INSTRUCTIONS TO FOLLOW: Output the data in full. Keep every word exact and exclude the pictures.

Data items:
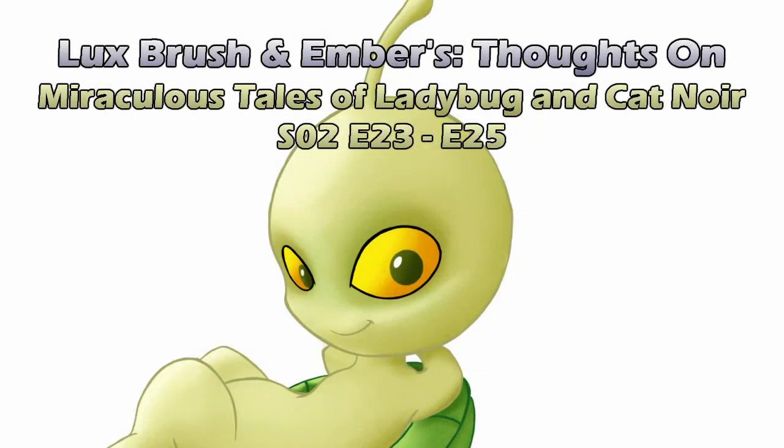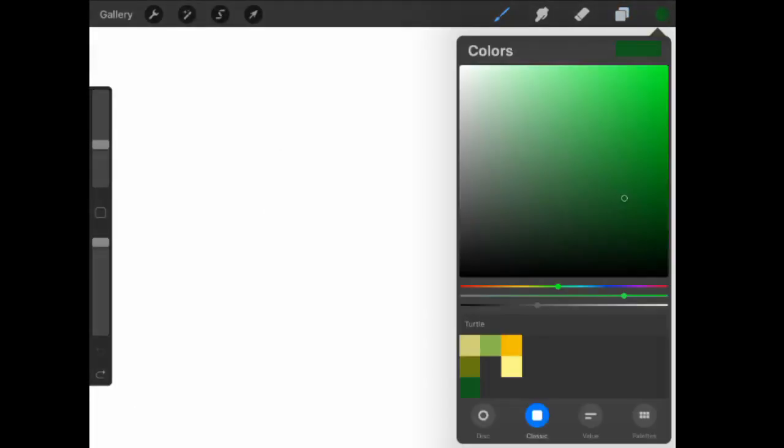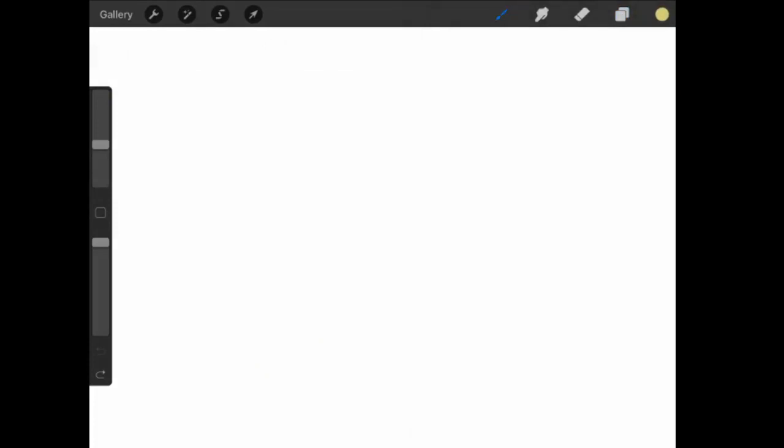Hello, I'm Lux. And I'm Ember. And this is our thoughts on Miraculous, Tales of Ladybug and Chat Noir, Season 2, episodes 23 through 25. Let's be honest, this is mostly going to be about the finale.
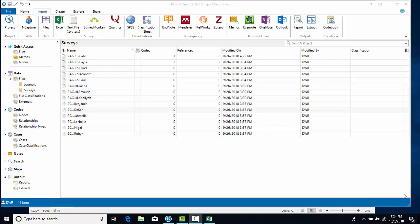In this NVivo 12 for Windows demonstration video, we're going to talk about how to work with classifications. A classification is essentially a spreadsheet that has demographic information about files that you're importing or about participants that we might call cases.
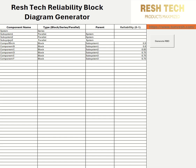The subsystems are all parallel to each other, and the parent is 'system' with a blank reliability value. You should only add reliability values into your components. Here I have Component A and Component B, which are designated as 'Block' type.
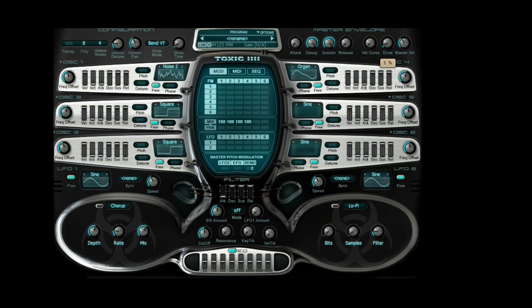Next are the pitch assignments for a few of these. Noise two — square. The third one is going to be negative 12. And organ, which is our fourth one, we're going to go up 12.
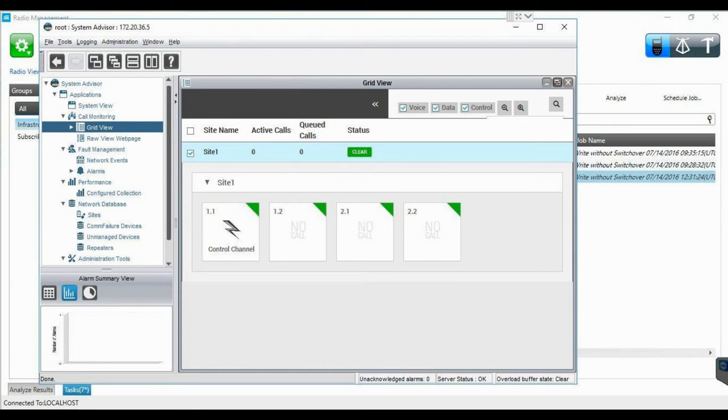The last validation step is to open System Advisor and check that there are no alarms and that all the system components are green.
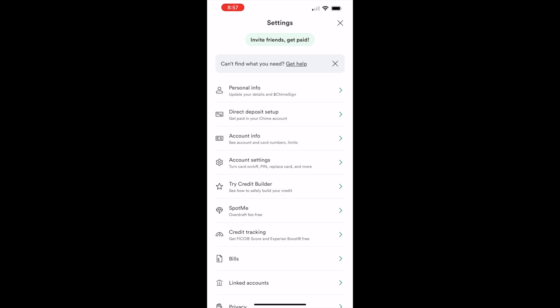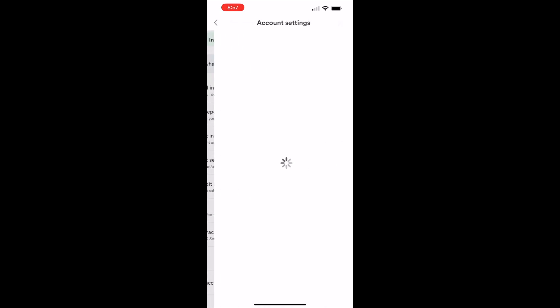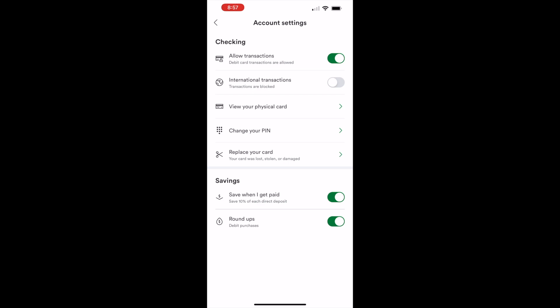Next, on the settings screen, find the account settings option and tap on it. On the account settings screen in the checking section, find allow transactions. It has a toggler control.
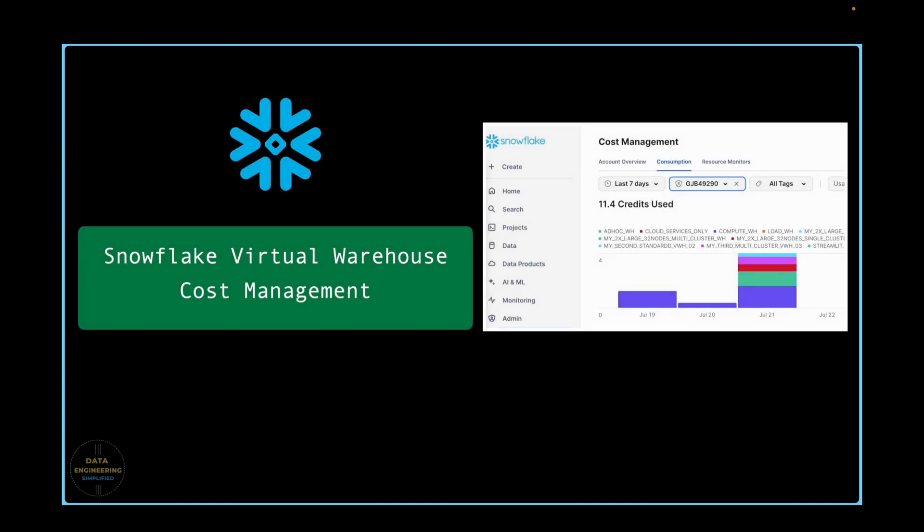Let's discuss Warehouse Cost Management. If you are a data engineer without sufficient privileges, this topic might seem a bit unfamiliar. But don't worry about it. We will go to our Snowflake Web UI and understand this topic in detail.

TASK RESULT:
Hello, I'm Lux. And I'm Ember. And this is our thoughts on Miraculous, Tales of Ladybug and Chat Noir, Season 2, episodes 23 through 25. Let's be honest, this is mostly going to be about the finale.
In this NVivo 12 for Windows demonstration video, we're going to talk about how to work with classifications. A classification is essentially a spreadsheet that has demographic information about files that you're importing or about participants that we might call cases.
The subsystems are all parallel to each other, and the parent is 'system' with a blank reliability value. You should only add reliability values into your components. Here I have Component A and Component B, which are designated as 'Block' type.
Next are the pitch assignments for a few of these. Noise two — square. The third one is going to be negative 12. And organ, which is our fourth one, we're going to go up 12.
The last validation step is to open System Advisor and check that there are no alarms and that all the system components are green.
Next, on the settings screen, find the account settings option and tap on it. On the account settings screen in the checking section, find allow transactions. It has a toggler control.
Let's discuss Warehouse Cost Management. If you are a data engineer without sufficient privileges, this topic might seem a bit unfamiliar. But don't worry about it. We will go to our Snowflake Web UI and understand this topic in detail.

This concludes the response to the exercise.